Causing a litany of terror and tears throughout the second part of his reign, Ivan Grozny had fallen from grace into madness. As he aged, he was in constant pain. Doctors from England, summoned to Moscow, could not cure him.

Confined to the Kremlin, he became addicted to mercury. (Historians record that he kept a cauldron of mercury bubbling in his private rooms.) At the time, syphilis was treated with mercury (which, in high doses, can bring on fits of rage), and it has been speculated that perhaps Ivan had the disease.

Sir Jerome Horsey (an agent of Britain’s Russia Company who carried letters between Elizabeth I and Ivan IV ) met with Ivan Grozny in 1581. He could see the Tsar had grown old:

His body was shrunken and bent, and although his face seemed more ferocious than ever it was shrivelled prematurely and deathly pale; his ears and lips were tinged with blue and his breathing had become laboured; his eyes moved restlessly, casting furtive glances hither and thither as if he entertained fear of sudden attack; he had grown almost completely bald, and a few rugged grey patches were all that remained of his once luxuriant beard.

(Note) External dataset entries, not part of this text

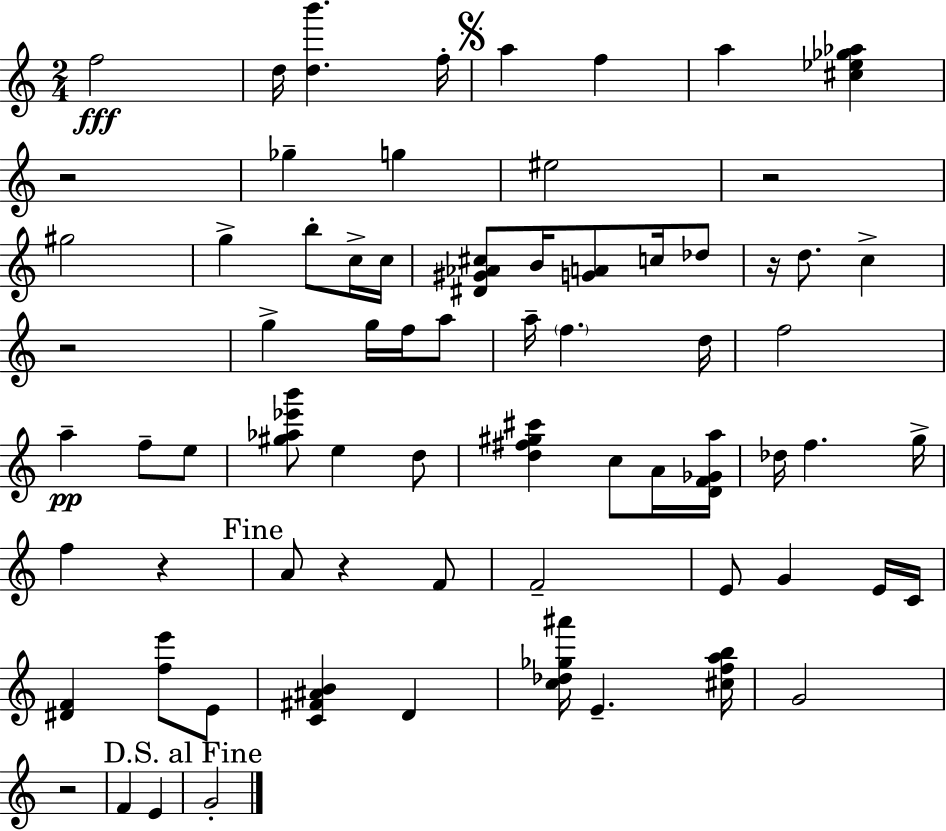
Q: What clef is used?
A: treble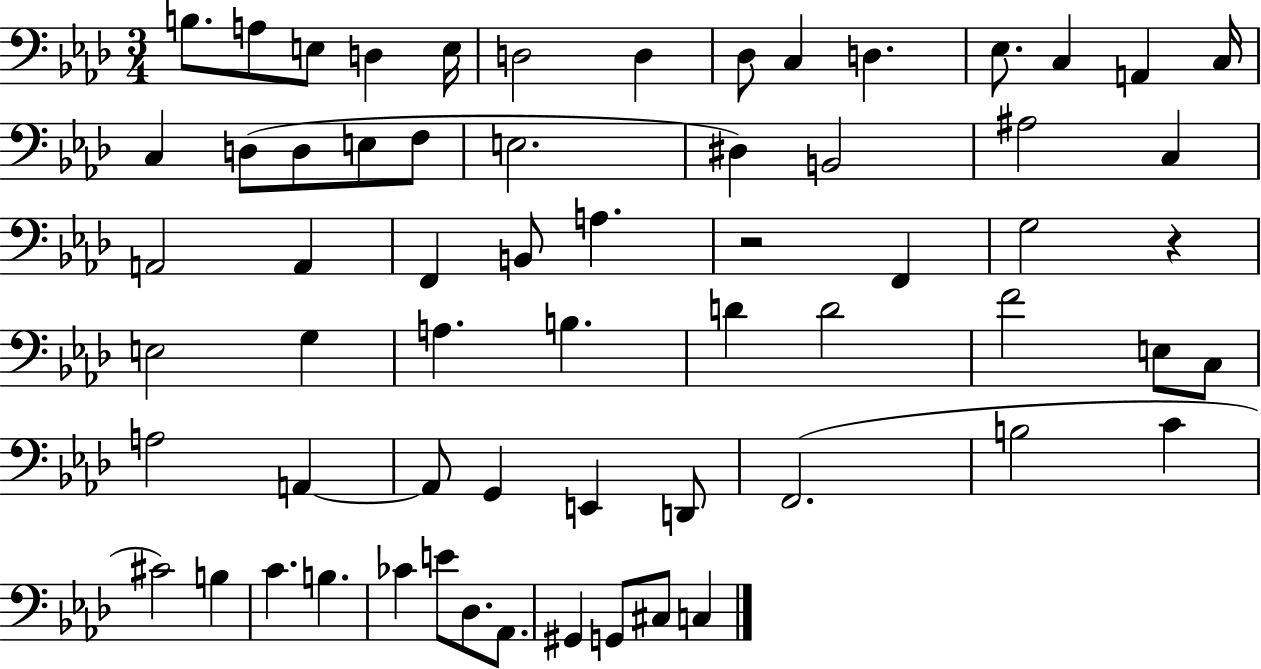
X:1
T:Untitled
M:3/4
L:1/4
K:Ab
B,/2 A,/2 E,/2 D, E,/4 D,2 D, _D,/2 C, D, _E,/2 C, A,, C,/4 C, D,/2 D,/2 E,/2 F,/2 E,2 ^D, B,,2 ^A,2 C, A,,2 A,, F,, B,,/2 A, z2 F,, G,2 z E,2 G, A, B, D D2 F2 E,/2 C,/2 A,2 A,, A,,/2 G,, E,, D,,/2 F,,2 B,2 C ^C2 B, C B, _C E/2 _D,/2 _A,,/2 ^G,, G,,/2 ^C,/2 C,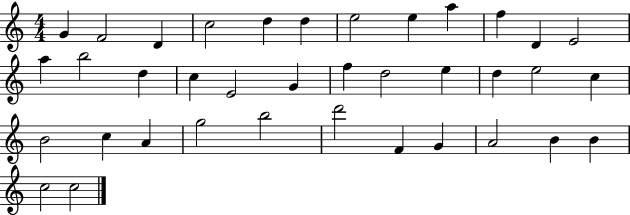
G4/q F4/h D4/q C5/h D5/q D5/q E5/h E5/q A5/q F5/q D4/q E4/h A5/q B5/h D5/q C5/q E4/h G4/q F5/q D5/h E5/q D5/q E5/h C5/q B4/h C5/q A4/q G5/h B5/h D6/h F4/q G4/q A4/h B4/q B4/q C5/h C5/h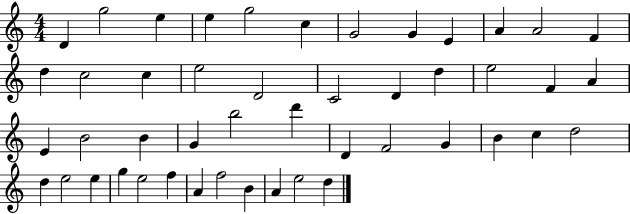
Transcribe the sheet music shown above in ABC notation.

X:1
T:Untitled
M:4/4
L:1/4
K:C
D g2 e e g2 c G2 G E A A2 F d c2 c e2 D2 C2 D d e2 F A E B2 B G b2 d' D F2 G B c d2 d e2 e g e2 f A f2 B A e2 d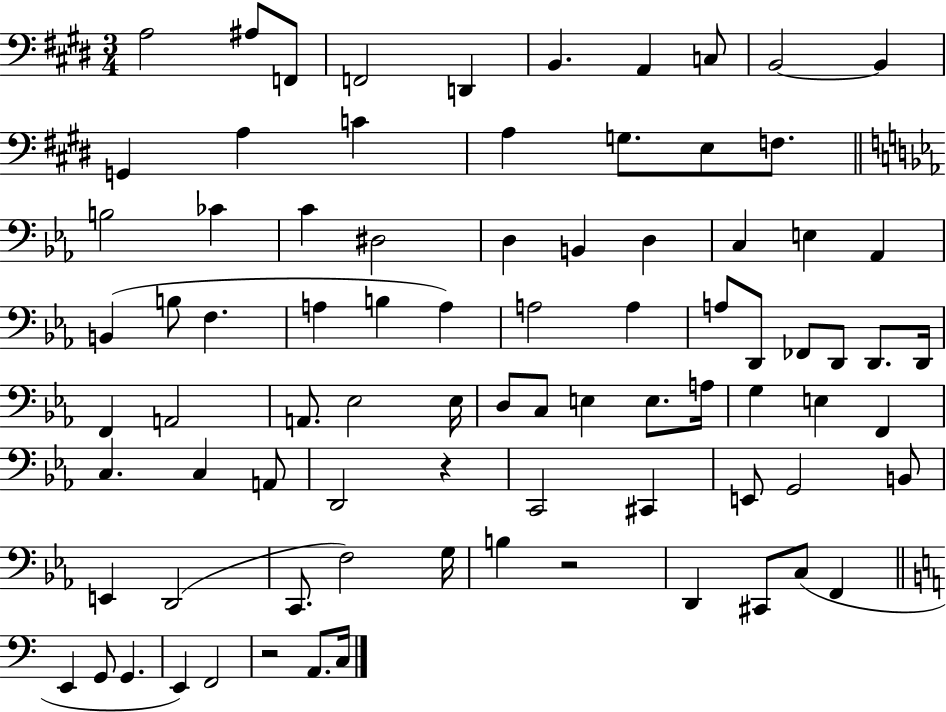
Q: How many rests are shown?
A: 3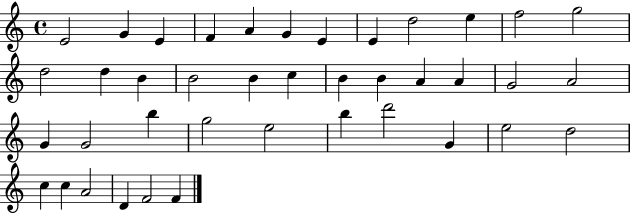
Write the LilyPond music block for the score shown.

"I sleep badly," he complained querulously in answer to Sir Jerome's courteous enquiry regarding his health. "Evil dreams torment me; they are produced by my magic-working enemies. Yet I pray daily for the welfare of the souls of such as have been found guilty of treasonable plottings and transferred to the judgment place of the Eternal, there to answer for their sins. Withal, I concern myself greatly regarding the affairs of state, constant wars against hostile nations, and the welfare of my poor people. My health has consequently suffered greatly. I have grown old before my time."
  (Stories of Russian Folk-Life, Donald A. Mackenize, 1916, page 126.)

The man who had grown old before his time, and who had caused such terror throughout the realm, would soon face his own end.